Prediction of relative permeability using Nielsen model as a function of filler concentration with perpendicular alignment and aspect ratio

Few authors have modified Nielsen model to predict the relative permeability in composites with random dispersed inorganic flakes.⁴⁵ The modification appears to account for 30% randomness of the dispersed filler in the composite film.
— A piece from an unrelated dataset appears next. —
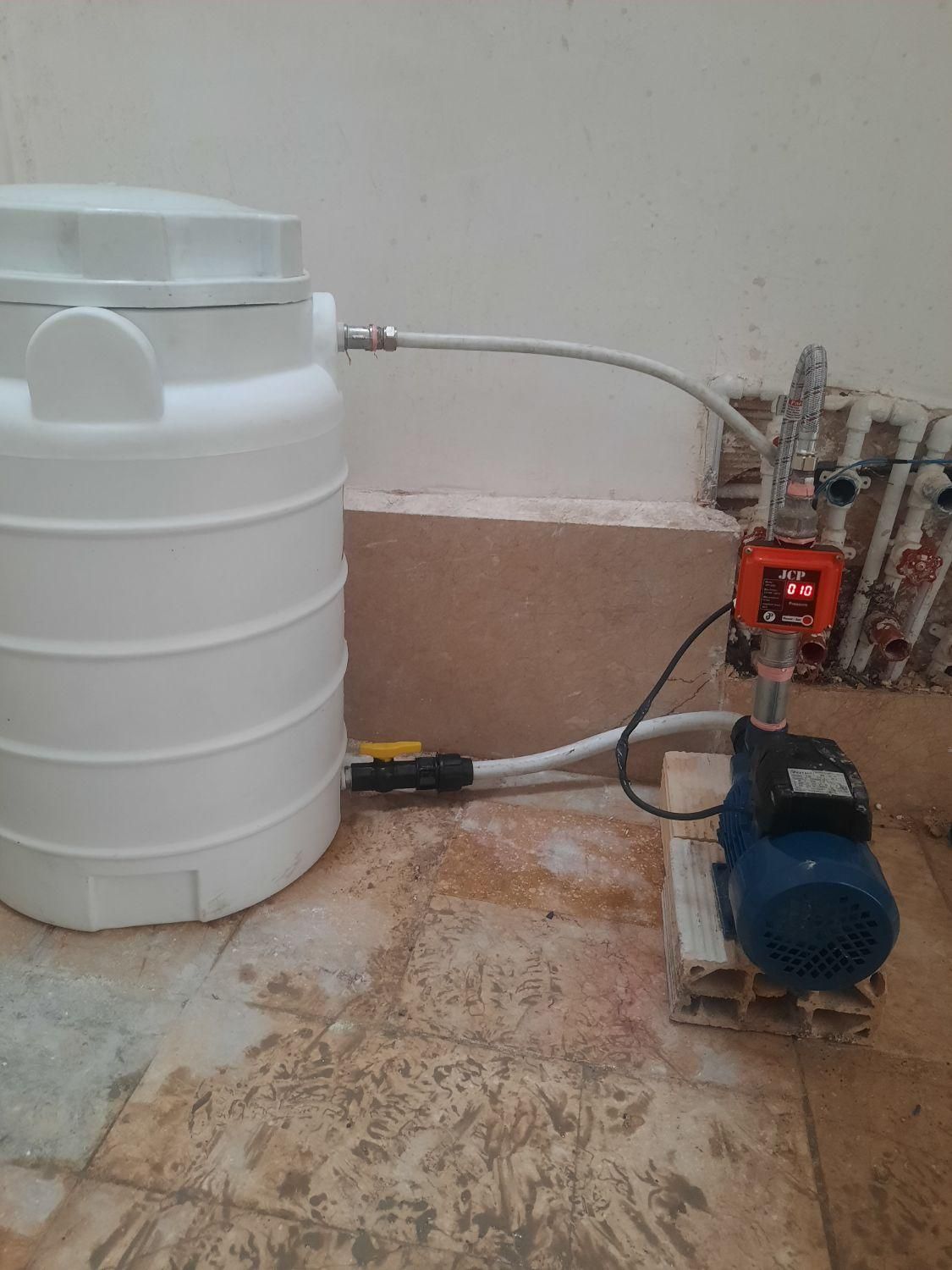 اتومات ست کنترول دیجیتالی جوابگوتا طبقه ۸|خدمات پیشه و مهارت|مشهد, آزادشهر|دیوار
The modified Nielsen’s model and the corresponding tortuosity expression for this case are given as follows:

$$\frac{P}{{P_{o} }} = \frac{{\left( {1 - \phi_{d} } \right)}}{{1 + \left( {{1 \mathord{\left/ {\vphantom {1 3}} \right. \kern-\nulldelimiterspace} 3}} \right)\left( {{L \mathord{\left/ {\vphantom {L {2W}}} \right. \kern-\nulldelimiterspace} {2W}}} \right)\phi_{d} }},$$

(18)

$$\tau = 1 + \left( \frac{1}{3} \right)\left( \frac{L}{2W} \right)\phi_{d} .$$

(19)

Following Nielsen model, various models were developed and further modified to reflect the morphological features of the composite films. In addition to the consideration of the fillers, which are impermeable to the diffusing gas, various studies considered different shapes such as ribbons, discs, cylinders, etc. Most of the models considered a dilute or semi-dilute regime of the fillers with the intention to minimize the possibility of overlapping. Besides that, several investigations focused on the perpendicular alignment of the fillers to the diffusing gas. With this perspective, Cussler et al.⁹ developed a predictive tortuosity model for different arrays of dispersed ribbons of infinite length. Both regular and random arrays of perpendicularly oriented platelets were considered during the model development, as shown in Fig. 6.

Fig. 6

Schematic diagram of diffusing gas in slits considered in Cussler model: (a) regular array and (b) random array⁹

Although the prediction of Nielsen's model is rather accurate for low volume fractions of clay φ_d, however, it was considered as invalid by Cussler et al.⁹ for low volume fraction of clay fillers when the fillers overlap or intercalate among each other (i.e., φ_d ≪1 and α φ_d >>1). The aspect ratio is used as a measure of flake shape defined as α=d/a, where d and a are the thickness and width of the flake. In such morphological features, Cussler et al.⁹ provided a different tortuosity relationship which can be employed for composite films containing perpendicularly oriented clay layers to the diffusion direction, as shown in Fig. 6a. Here, it holds:

$$\frac{P}{{P_{o} }} = \left( {1 + \frac{{\alpha^{2} \phi_{d}^{2} }}{{1 - \phi_{d} }}} \right)^{ - 1} ,$$

(20)

$$\tau = 1 + \frac{{\alpha^{2} \phi_{d}^{2} }}{{1 - \phi_{d} }}.$$

(21)

The above equation [equation (20)] can be verified experimentally, especially for barrier films employed in packaging applications. For instance, Huang et al.⁴⁶ reported high barrier nanocomposite films composed of graphene oxide nanosheet filler and poly(vinyl alcohol), with a reduction in oxygen permeability of 98% at a low filler concentration of 0.72%. The reported experimental results are in good agreement with the predicted results. Their findings reveal that the nanosheet filler features are similar to those described in Cussler model, which is aligned parallel to the film surface.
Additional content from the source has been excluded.